“L’Italia mi ha versato il risarcimento di 75mila euro che la Corte europea dei Diritti dell’uomo l’aveva condannata a pagare e spero che anche il governo americano faccia lo stesso”. Osama Hassan Mustafa Nasr, detto Abu Omar, era imam a Milano quando fu portato via da un commando della Cia il 17 febbraio 2003 con l’aiuto di un maresciallo del Ros, perché ritenuto pericoloso. Ma se non fosse stato rapito in Italia sarebbe stato processato, come poi avvenuto, perché su di lui pendeva un’ordinanza di custodia cautelare per terrorismo. Intervistato dall’Aki-Adnkronos International conferma di essere stato indennizzato. L’egiziano fu portato via Germania in Egitto e consegnato alle autorità de Il Cairo. Lì Abu Omar fu torturato.

Quando il 23 febbraio 2016 la Corte di Strasburgo aveva condannato l’Italia a risarcire Abu Omar la motivazione di quel verdetto chiarirono una volta per tutte che lo scudo, innalzato dai tutti i governi degli ultimi anni con il segreto di Stato, aveva garantito l’impunità dei responsabili. In Italia i processi infatti si sono risolti con il non luogo a proceder. E così che gli 007 dell’allora Sismi ne sono usciti indenni. E chi è stato condannato, ovvero gli agenti statunitensi che lo prelevarono e lo consegnarono all’Egitto, non sconterà mai la pena. Alcuni sono stati nel tempo graziati da Giorgio Napolitano e Sergio Mattarella, per gli altri non è addirittura andata avanti la richiesta di mandato di arresto internazionale. Poco più di un anno fa fu fermata e rilasciata in Portogallo l’ex agente Sabrina De Sousa per cui era stata avviata l’estradizione, ma tre settimane fa durante l’udienza per l’affidamento ai servizi sociali – la donna condannata a 7 anni dovrebbe scontarne 4 perché ha usufruito dell’indulto – l’avvocato aveva spiegato che la donna si troverebbe in India. Nessuno dei 23 agenti della Cia condannati è mai tornato, finora, in Italia per scontare la pena e alcuni sono stati graziati dal Quirinale.
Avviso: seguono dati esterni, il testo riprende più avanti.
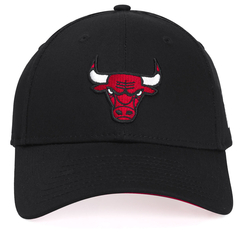 Boné Chicago Bulls New Era 9Forty Aba Curva na internet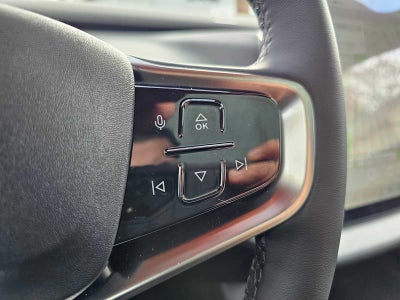 2026 Volvo EX30 Cross Country Ultra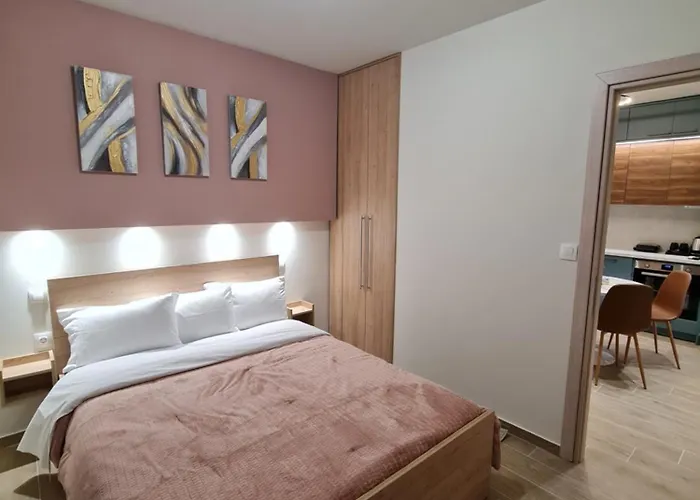 Zigos Apartments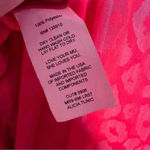 Show Me Your Mumu Red Cheetah Alicia Tunic Size Small Photo 9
In questo pasticciaccio la cronaca giudiziaria ha dovuto registrare anche uno scontro dialettico tra Cassazione e Corte Costituzionale. Gli ermellini, nelle motivazioni del proscioglimento “ineludibile” dei vertici del Sismi, scrivevano nero su bianco che – abbassando il “nero sipario” del segreto di Stato, esteso a dismisura sull’allora servizio segreto – la Consulta aveva abbattuto in radice ogni possibile controllo della magistratura sul potere di segretazione consegnandolo alla discrezionalità della politica. La suprema Corte era stata di fatto costretta a prosciogliere i vertici del Sismi. Solo per “lealtà” istituzionale – avevano ammesso i magistrati – era stato preso atto della “dirompente” e “lacerante” decisione della Consulta. Che aveva “inaspettatamente” tracciato “quell’ampio perimetro” di immunità. Che quindi Strasburgo ci ha rinfacciato condannando l’Italia a risarcire Abu Omar.

Il 24 febbraio 2014 la Corte di Cassazione aveva annullato in virtù del segreto di Stato una sentenza pronunciata l’anno prima dalla Corte d’Appello di Milano che condannava alcuni ex vertici del Sismi per il loro coinvolgimento nel sequestro. A febbraio poi era arrivata la giustizia europea. La Cassazione aveva condannato gli agenti della Cia a pagare un risarcimento di un milione di euro all’ex imam e 500mila euro alla moglie e Abu Omar chiede che anche quel debito nei suoi confronti venga saldato.